Aus dem Beet auf die Bühne
Vom überraschenden Debüt eines Suppengemüses
Auf Opernbühnen kommt es schon mal vor, dass das Publikum sich mit dem ein oder anderen faszinierenden oder schockierenden Requisit konfrontiert sieht. Ob eine magische Flöte mit Zauberkräften, ein unsichtbar machender Tarnhelm oder ein abgetrennter Kopf auf einem Silbertablett – Opernfans haben all diese berühmten Requisiten und ihre vielfältigen Eigenschaften lieben gelernt. Was wäre schließlich aus Tamino und Pamina geworden, wenn sie nicht eifrig auf ihrer Zauberflöte gespielt hätten?
Mit der Produktion „immer weiter“ in der opera stabile erobert sich nun ein Requisit die Bühne, das so wohl noch niemand gesehen hat. Zentraler Gegenstand des Stückes ist kein magisches Musikinstrument oder ein abgeschlagenes Körperteil der Beteiligten. Stattdessen beschäftigen sich die Darstellenden mit einem Lebensmittel, das wohl in fast jedem Kühlschrank zu finden ist: dem Knollensellerie.
Dieses eher unscheinbare und nicht unbedingt attraktiv anmutende Gemüse ist zugegebenermaßen nicht das erste, was einem beim Gedanken an die Oper und ihre Musik in den Sinn kommt. Und doch nimmt der Sellerie bei „immer weiter“ eine elementare Rolle in der Entwicklung des Stücks ein.
Während die sieben Sängerinnen und Sänger in einer Art absurden Alltagstrott gefangen scheinen und jeder in seiner eigenen Vorstellung von Realität verloren wirkt, schafft der Auftritt des Selleries, was die Personen einzeln nicht vermögen: Er eint die Gruppe der Vor-sich-hin-Lebenden und gibt ihnen eine Beschäftigung, die den Ausbruch aus der tödlichen Eintönigkeit des Alltags verspricht.
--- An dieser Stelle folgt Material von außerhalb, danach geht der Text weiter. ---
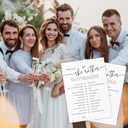 7 x TPYEN Would She Rather Game Cards for Bridal Shower - 30 Minimalist Wedding & Engagement Party Games, Modern Bridal Shower Party Favor & Decorations - A04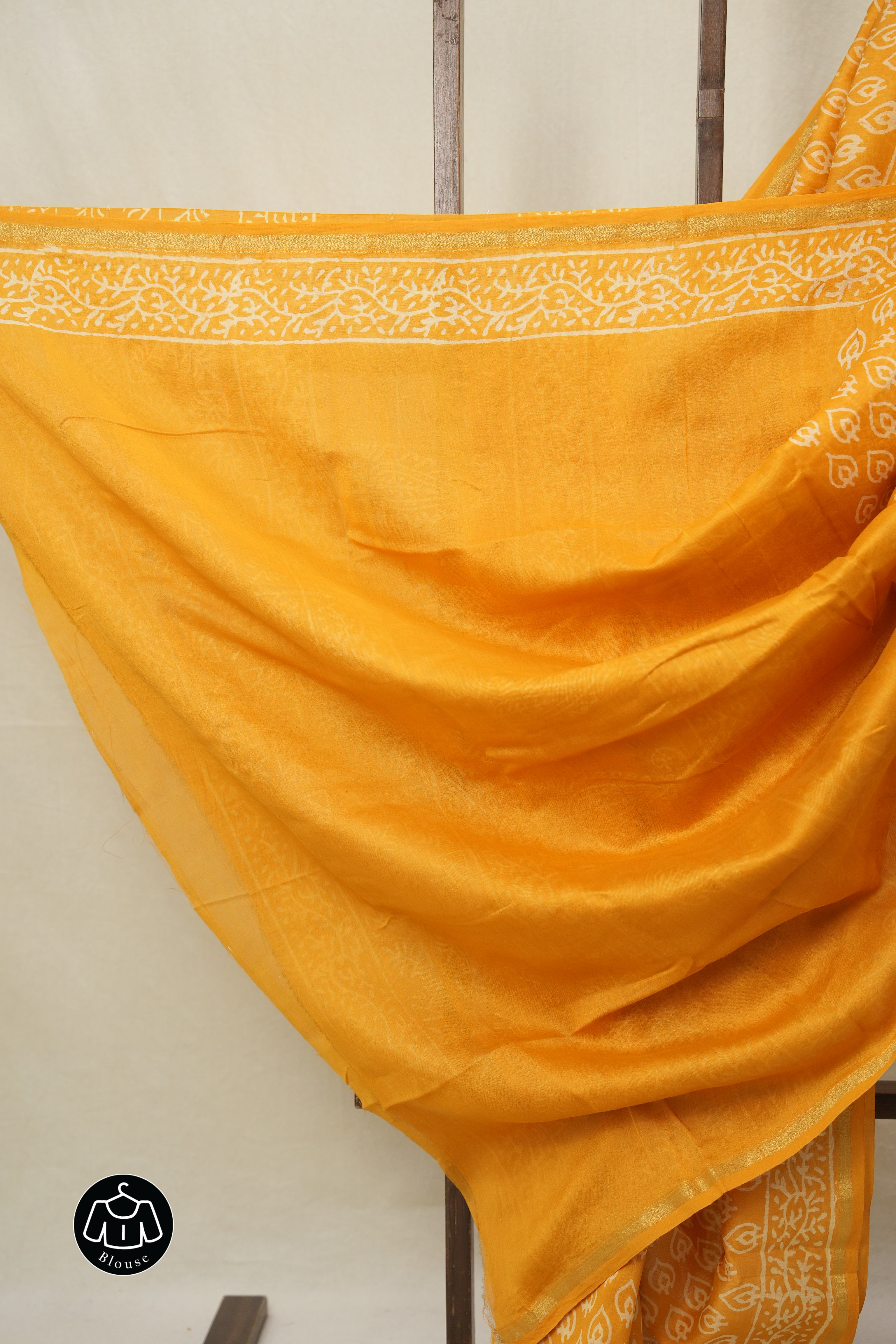 Orange HBP Cotton Silk Saree With Chanderi Border - SROCSS1550
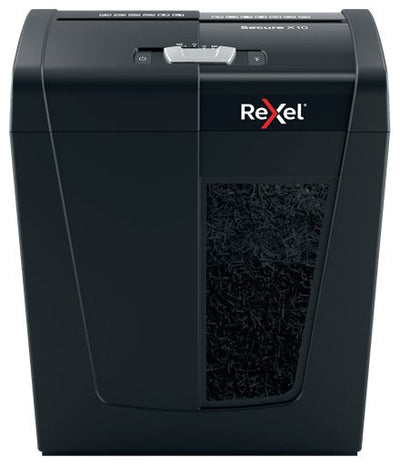 Rexel Secure X10 Paper Shredder Paper Corte Particulas - Destruye Up To 10 Hojas - 18L — image 1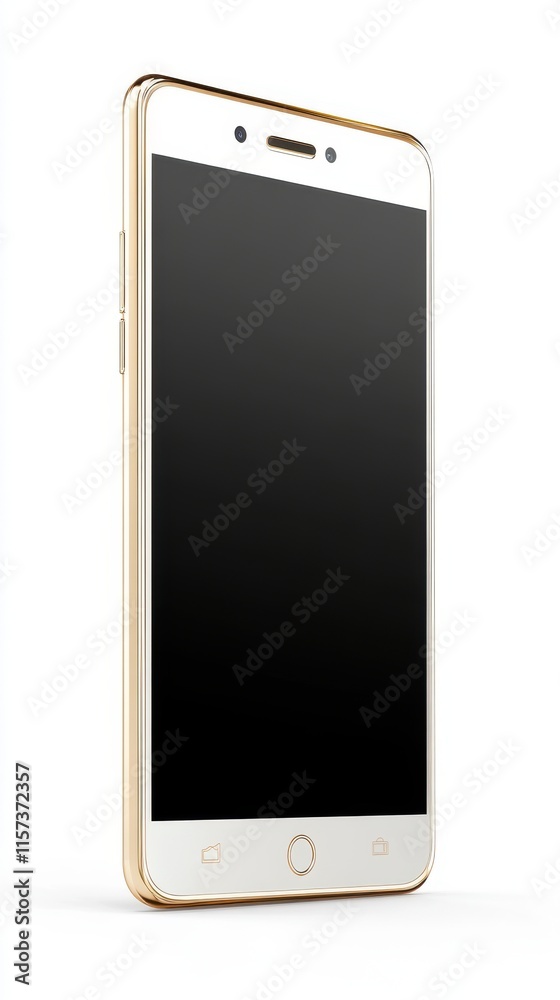Mockup smartphone A blank smartphone screen isolated on a sleek background. HD phone wallpaper Mockup smartphone A blank smartphone screen isolated on a sleek background. HD phone wallpaper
Dabei tritt der Sellerie in jeder Form und Facette auf, die er zu bieten hat: Mal wird er – zu kleinen Stücken verarbeitet – in verfremdeter Form zum Gegenstand wichtiger Rituale. Dann wiederum dient er, in Scheibchen geschnitten, als Rohstoff zur Schaffung einer Utopie, die zumindest vorübergehend ein Entkommen aus dem lähmenden Alltag verspricht. Dabei eint der Prozess dieser Schaffung die Sängerinnen und Sänger erstmals als eine gemeinsam agierende Gruppe. Auch im Ganzen erscheint der Sellerie und verursacht durch seinen forschen Auftritt einen Bruch dessen, was sich zwischen den Darstellern als Routine eingespielt hat.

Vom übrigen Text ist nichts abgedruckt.